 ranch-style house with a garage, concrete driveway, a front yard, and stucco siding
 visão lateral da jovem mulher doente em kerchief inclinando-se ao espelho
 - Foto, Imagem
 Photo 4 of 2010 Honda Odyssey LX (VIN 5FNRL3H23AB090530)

━━━━━━━━━━

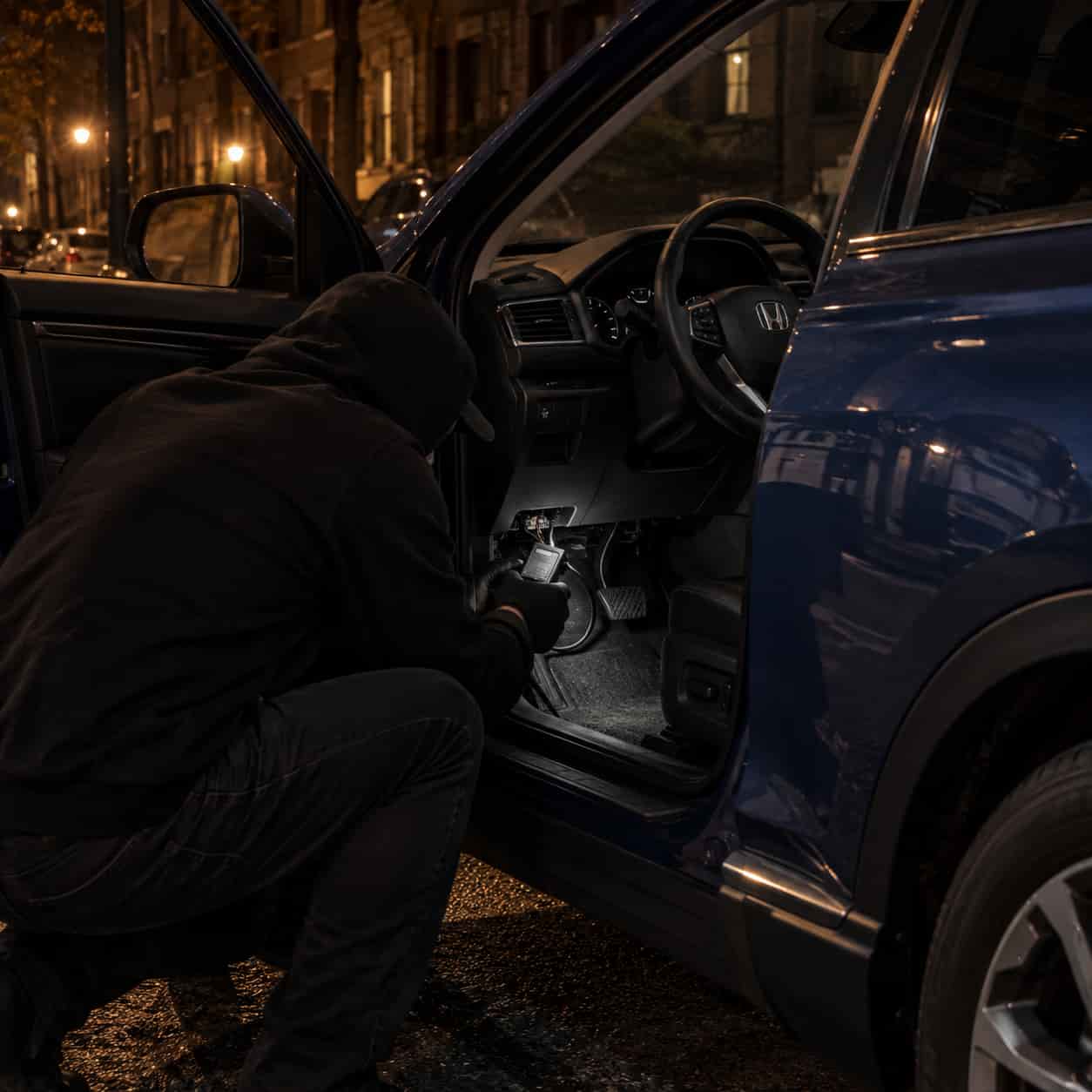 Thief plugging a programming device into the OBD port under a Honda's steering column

━━━━━━━━━━

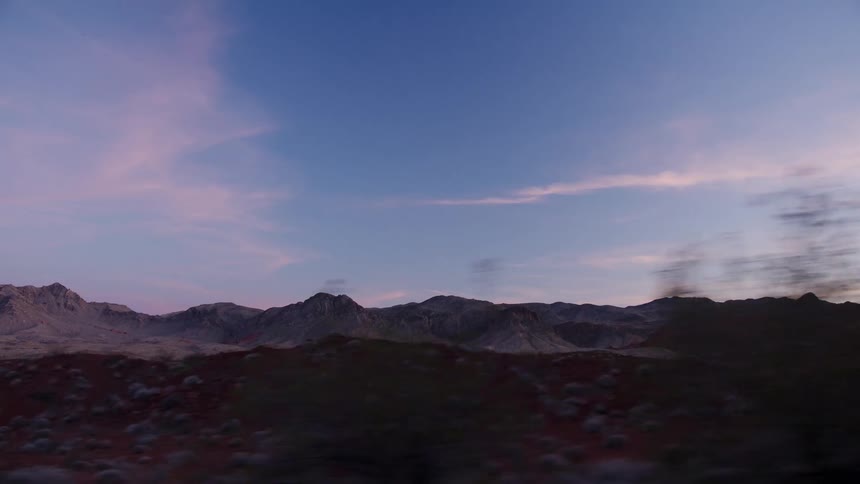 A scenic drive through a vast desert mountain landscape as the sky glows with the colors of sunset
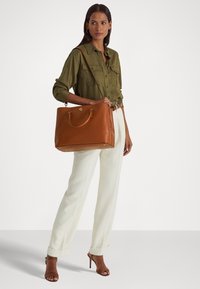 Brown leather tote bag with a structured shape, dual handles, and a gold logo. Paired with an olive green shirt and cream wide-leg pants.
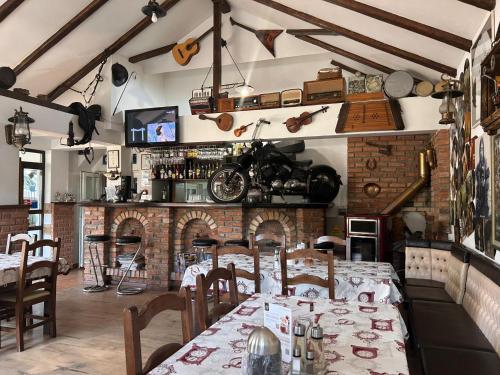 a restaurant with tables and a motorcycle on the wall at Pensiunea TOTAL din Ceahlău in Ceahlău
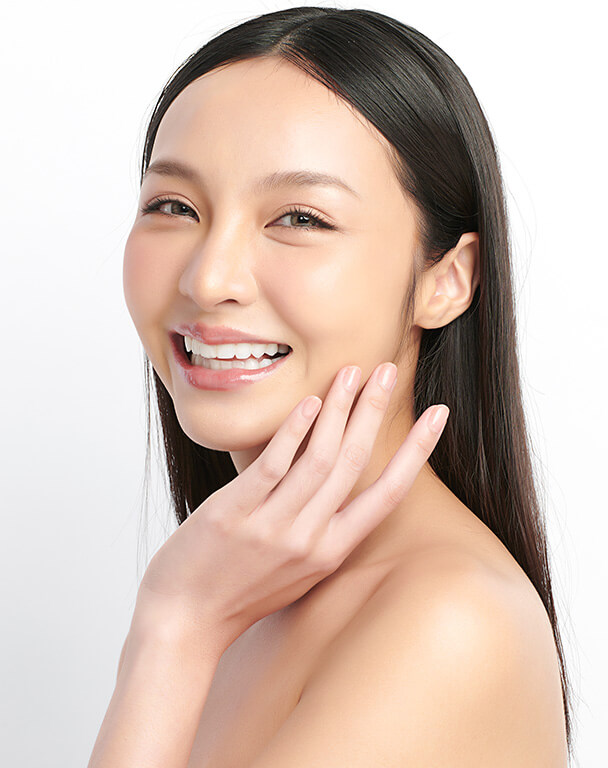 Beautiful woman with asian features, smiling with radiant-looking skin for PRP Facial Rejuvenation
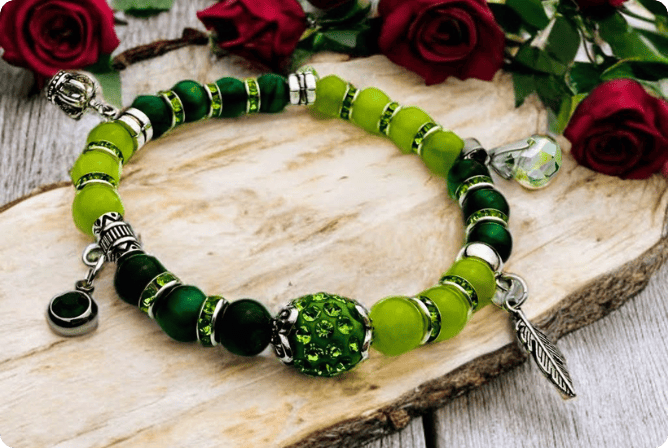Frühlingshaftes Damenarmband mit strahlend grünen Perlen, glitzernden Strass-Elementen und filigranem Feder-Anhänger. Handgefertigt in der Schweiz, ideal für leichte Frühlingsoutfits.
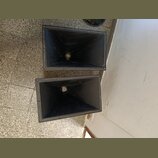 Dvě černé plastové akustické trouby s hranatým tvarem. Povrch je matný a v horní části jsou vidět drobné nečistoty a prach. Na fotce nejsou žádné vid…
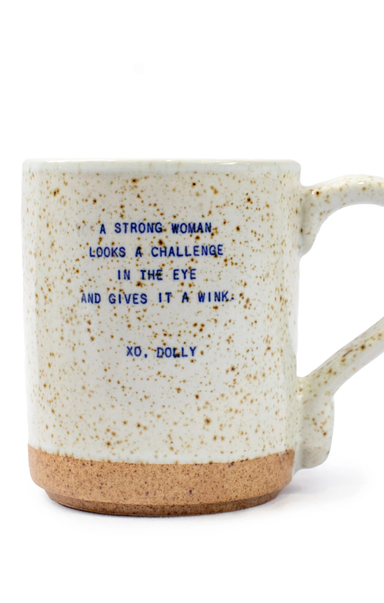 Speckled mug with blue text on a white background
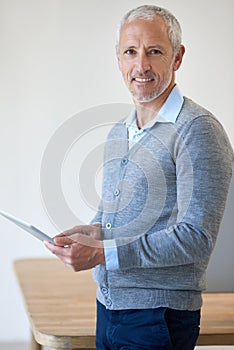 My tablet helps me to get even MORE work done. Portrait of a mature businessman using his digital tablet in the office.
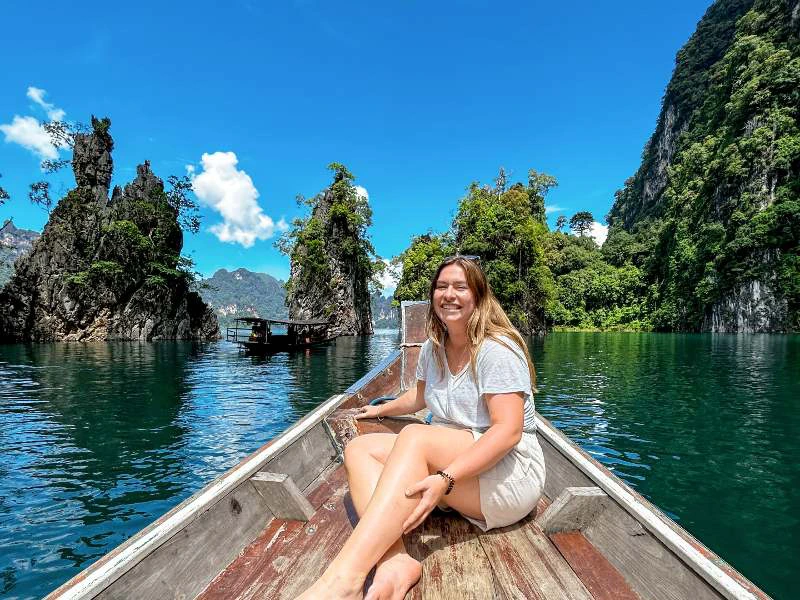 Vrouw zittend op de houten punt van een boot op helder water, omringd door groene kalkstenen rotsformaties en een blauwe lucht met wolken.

━━━━━━━━━━

● **AIM OF THE EXERCISE**
What are the lines, exactly as written above, from the line with "visão lateral da" to the line with "Photo 4 of 2010", both included? Output only those.

● **WRITTEN RESPONSE**
 visão lateral da jovem mulher doente em kerchief inclinando-se ao espelho
 - Foto, Imagem
 Photo 4 of 2010 Honda Odyssey LX (VIN 5FNRL3H23AB090530)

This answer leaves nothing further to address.